At first glance, “Oz the Great and Powerful” might not seem to have a lot in common with AMC’s hit zombie series “The Walking Dead,” but they share one key element: Greg Nicotero.
The veteran makeup artist now spends much of his time on the Georgia set of the popular show, serving as co-executive producer and directing episodes as well, but he also worked with Howard Berger and the artisans at their shop, KNB EFX Group, to create the fantastic looks for director Sam Raimi’s voyage to the world of Oz created by L. Frank Baum.
In Raimi’s vision, that land is populated by creations such as the China Girl (Joey King) and Finley (Zach Braff), the talking monkey that becomes a key companion for James Franco as his magician con man travels through the fantastic landscape and quickly becomes involved in a war between witches for control of the realm.
Hero Complex recently chatted via email with Nicotero — whose relationship with Raimi extends back decades and includes some of the director’s fan-favorite horror films — to discuss the contributions he and his team made to the complicated production.
HC: How does a shop like KNB prepare for a shoot like “Oz the Great and Powerful”? How many makeup artists work on a project of this scale and how many prosthetic makeup applications were required for the production?
GN: We had about 70 artists at KNB working on this project. Having worked most recently with Sam on [the 2009 film] “Drag Me to Hell,” capping nearly an 18-year partnership. He had commented to me how much fun it was after all these years to still be working together. The collaboration was quite a bit of fun. We started with concept art by John Wheaton and Bernie Wrightson (some of which for the witch’s flying monkeys was astounding) then moved into art for the Munchkins, Tinkers and the Wicked Witch. From there sculptures were done by Norman Cabrera, Jaremy Aiello, Garrett Immel, Andy Schoneberg, Nick Marra and David Grasso to translate the artwork into 3-D maquettes and sculptures. Carey Jones, our shop supervisor, worked tirelessly to facilitate the manufacture of the prosthetics, wigs and puppets for the show. It was a large makeup undertaking, but the work we did on the China Girl, from sculpture by Jaremy Aiello to completion by Alex Diaz, will go virtually unseen. We did our first tests of that in L.A. and then worked with a marionette to allow the performance to be captured on set per Sam’s request as accurately as possible. Dave Wogh also built monitors that we could puppeteer on set so that the actors could see and interact with our motion capture performers.
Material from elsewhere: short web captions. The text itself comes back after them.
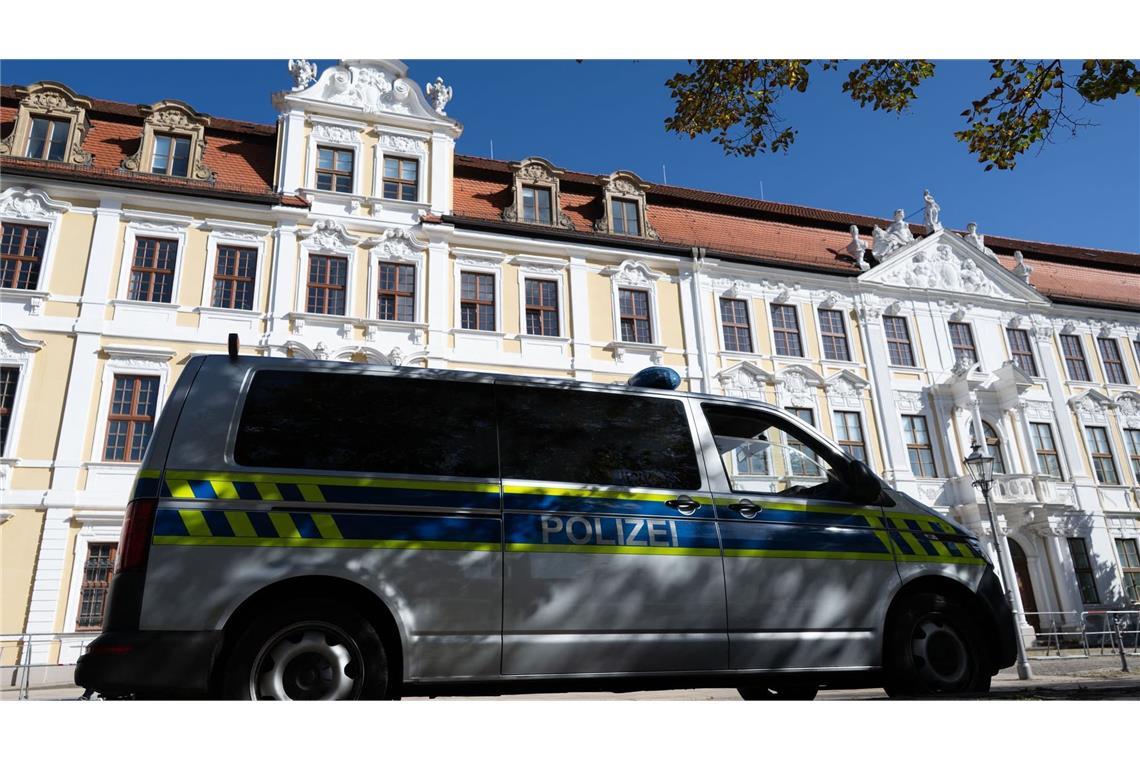 Ein Einsatzfahrzeug der Polizei steht vor dem Gebäude des Landtags von Sachsen-Anhalt. Am Sonntag wird in Sachsen-Anhalt ein neuer Landtag gewählt. (zu dpa: «Sachsen-Anhalt-Wahl: Mehr als jeder Zweite hat abgestimmt»)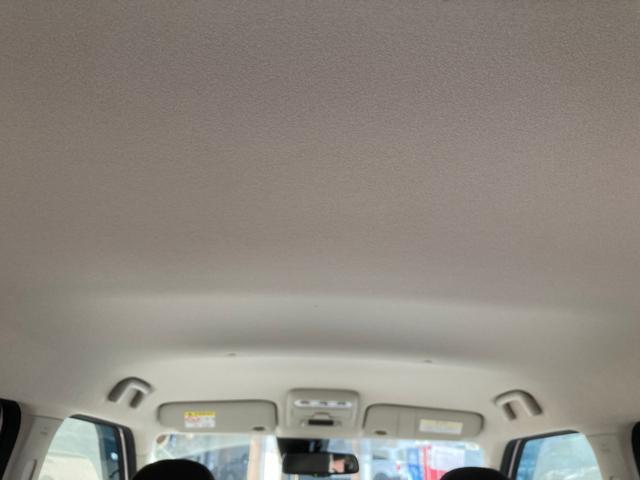 目立つ汚れシミなどございません。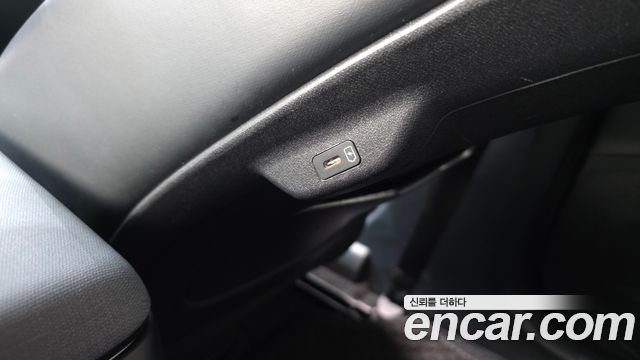 Kia EV6 Standard Air 2022 — фото 28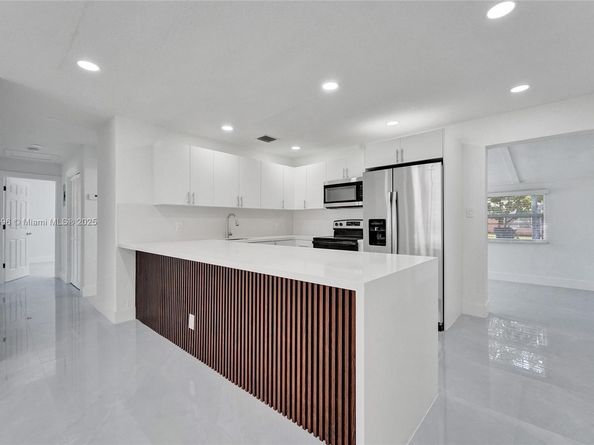 6930 SW 24th Ct, Miramar FL 33023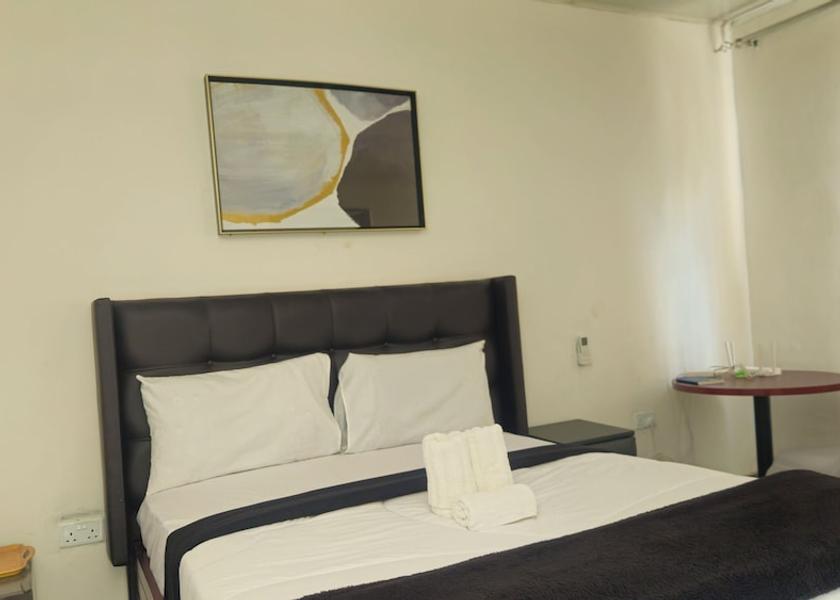 Lusaka Kafue Room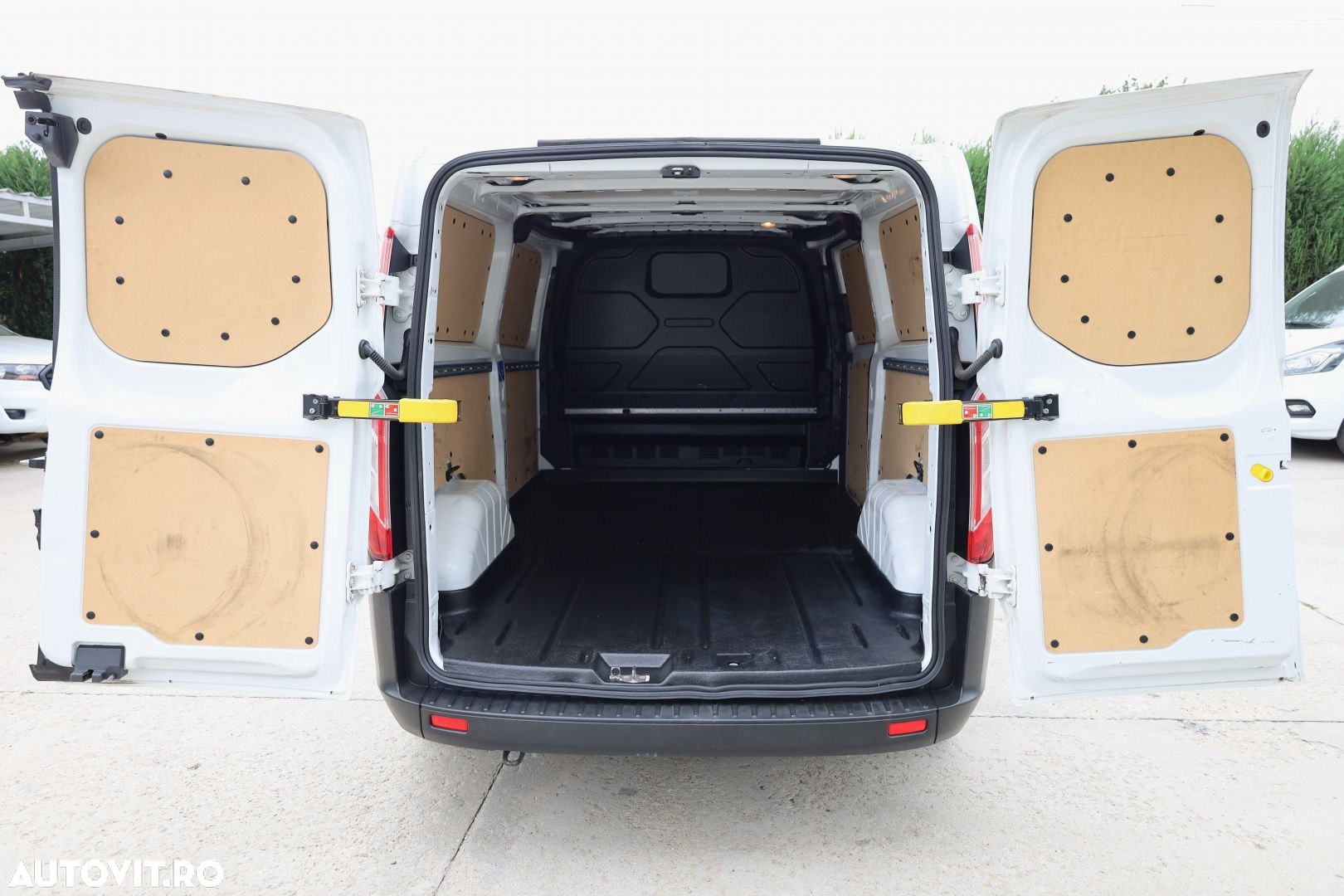 Ford Transit Custom L2H1 2.0 108CP - 13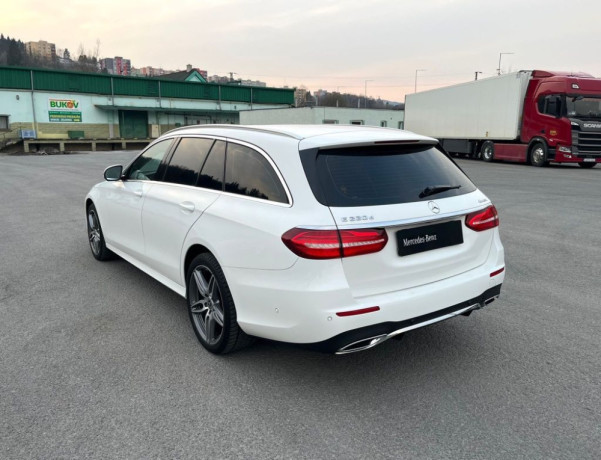 mercedes-benz-e-trieda-kombi-e-220-d-4matic-at-143kw194hp-a9-big-2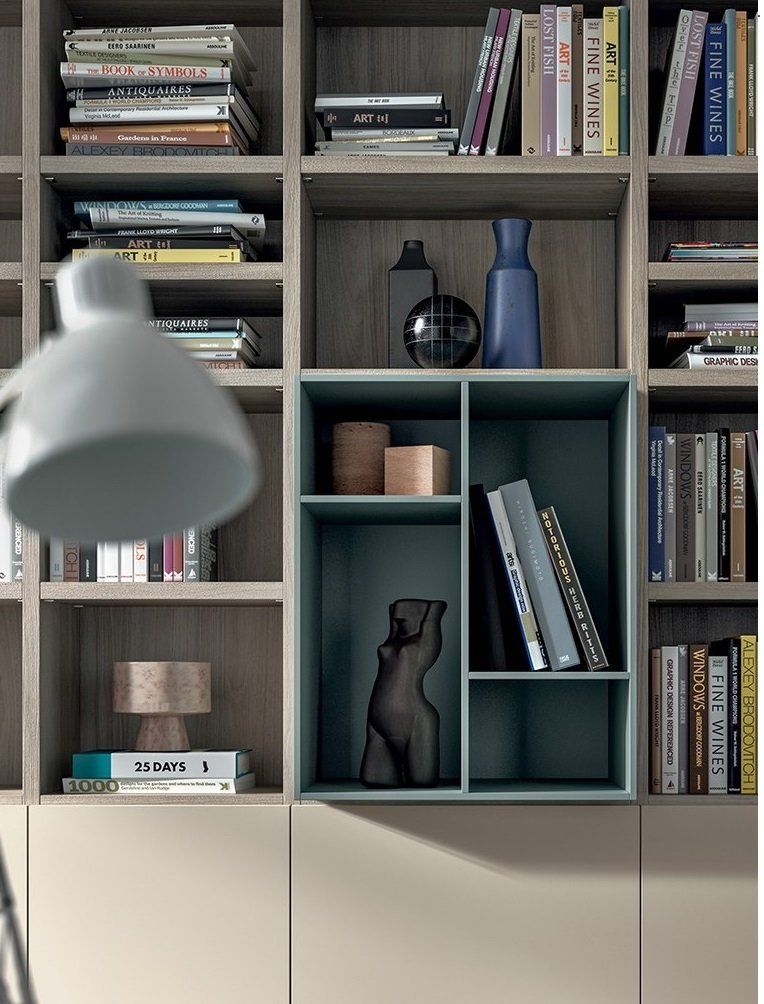 parete attrezzata con scaffali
HC: Are there unique challenges to working on a 3-D movie that will have so many visual effects added during post-production?
GN: Shooting digitally always adds another layer of detail, which proves challenging on set when dealing with coloration of prosthetics and edges. We spent quite a bit of time testing in L.A., then the team in Michigan [where the film was shot] continued to refine and test. We probably did five different witch sculptures to refine as we went. That is a luxury we had on “Oz” we don’t get on many other shows, the chance to test and work out issues, then revisit them from the ground up. That is why the build phase at KNB is so crucial, and Carey Jones couldn’t have handled that better once the team left for Michigan.
HC: How many makeup artists do you routinely employ? Did you need to hire additional people in Michigan for the production?
GN: We have a core group of 35 people at KNB and then as each show comes in we spread them out. I have a great team that joins me in Georgia on “The Walking Dead,” and just as recently as January we had artists in Austin on [Robert Rodriguez’s upcoming film “Sin City: A Dame to Kill For.”] I personally like to take people from the studio to location — who knows the character better than the person that sculpted and tested it? — so that is a large plus for me.
HC: Can you describe what kind of work went into getting the Munchkins ready? How did you and Howard Berger develop their look and what was it like on the days where you had all the actors playing Munchkins working?
GN: The Munchkin art was quite a departure from what could be translated into makeup work, so we began working on stylized hair pieces and slight prosthetics. The goal wasn’t to cover people entirely but use the whimsical aspect of the actor’s faces and augment them with subtle pieces and great hair accents.
HC: There’s a certain witch in the film who becomes significantly less beautiful by the end of the movie. Some fans might suggest that she bears a resemblance to some of the baddies who’ve appeared in Sam Raimi’s earlier films. Would they be right or is that just a coincidence?
GN: Sam has a very light-hearted affection for his past films proven brilliantly by “Drag Me to Hell,” which shows his love for the genre. Having a wee bit of a nod to what we referred to as the “heinous horror hag” always brings a smile to the fans of Sam’s earlier work.